If your argument rests on a 2020 pre-ChatGPT paper and ignores the last three years of hard, practical advances that *change the economics of scaling*, you don’t have an argument.
Publisher: drli.blog (Dr. Robert Li)
That title is a pratfall. “Compute‑Efficient Frontier, the limits of current generation LLMs and is that really a bad thing?” promises hard limits and delivers soft pudding. If you say “frontier,” show a boundary with numbers, methods, and costs. The edge moves because the math, the data, and the hardware keep getting better. The post flirts with clever caution, “we can leave research to the researchers”, yet selectively ignores research that contradicts the thesis. If you take a contrarian position, you must engage the strongest counter-arguments and recent evidence, not cherry-pick comforting historical metaphors
The post misreads Kaplan. Those scaling curves were measurements, not some gravestone for progress. Then it ignores the obvious follow‑ups that changed the budget math. Chinchilla showed how to split compute between model size and data so you don’t burn money on bloated weights. Retrieval lets you pull facts instead of memorizing everything. Sparse Mixture‑of‑Experts routes tokens to only a few specialists. Parameter‑efficient fine‑tuning like LoRA lets you adapt models without retraining the planet. Distillation and quantization cut inference cost. These are not hype slides. They are why the “frontier” keeps shifting.

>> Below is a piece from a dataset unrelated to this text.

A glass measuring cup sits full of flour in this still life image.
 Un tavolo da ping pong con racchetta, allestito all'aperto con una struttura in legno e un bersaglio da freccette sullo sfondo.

The data doomsaying is lazy. “We’ve consumed the Internet” is a slogan, not a fact. Data isn’t a single pile of stale web text. Private corpora exist. Synthetic data can be generated and filtered. Retrieval and caching push long tails out of the model and into storage. Quality beats quantity more often than the hand‑wringers admit. If you want to claim a terminal shortage, bring evidence.
Tone and authority are a mess. Dr. Li drops a credential and slides into sweeping history as cover for not doing the recent reading. If your argument rests on a 2020 pre-ChatGPT paper and ignores the last three years of hard, practical advances that *change the economics of scaling*, you don’t have an argument. If you want to be the sober adult, engage the strongest counterexamples from the last three years and show numbers.